Recently I have been adding games to my portfolio and DOOM is one of them. But instead of just embedding the original game, I wanted to understand how it actually worked. So I went down the rabbit hole (a second time) and built a more whacky version of the doom renderer from scratch and in HTML canvas, no extra dependencies.

Turns out, classic games like DOOM didn’t do real 3D at all. They used something called 2.5D rendering, basically faking 3D with clever 2D math. And it ran on hardware way worse (100x or more times worse) than what you are reading this on.

Today I’ll break down how I built my own DOOM-style renderer. No fancy tools required, just a code editor and a web browser.

Full Source Code

Is 3D actually 3D?

At its core, 3D rendering is basically “If we have a 3D world and a camera, what does the camera see?”
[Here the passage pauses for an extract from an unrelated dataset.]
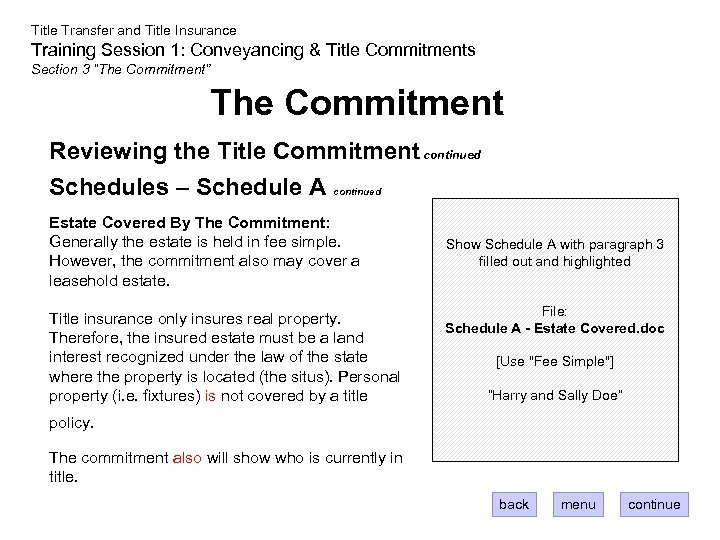 Title Transfer and Title Insurance Training Session 1: Conveyancing & Title Commitments Section 3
This process generally involves defining the world (objects), placing the camera (viewer), projecting those 3D coordinates onto a flat 2D screen, and finally filling the screen with the correct colors (drawing pixels).

   3D World          Camera          2D Screen
  ┌─────────┐                      ┌─────────┐
  │ ▓▓▓     │     ────────────►    │   ▓▓    │
  │    ▓▓▓  │     (projection)     │  ▓▓▓▓   │
  │  ▓▓     │                      │   ▓▓    │
  └─────────┘                      └─────────┘

Representing Space with a top down 2D Map

The simplest way to define a world map is with a grid map. We can represent this as an array where each cell is either a wall (1) or empty space (0).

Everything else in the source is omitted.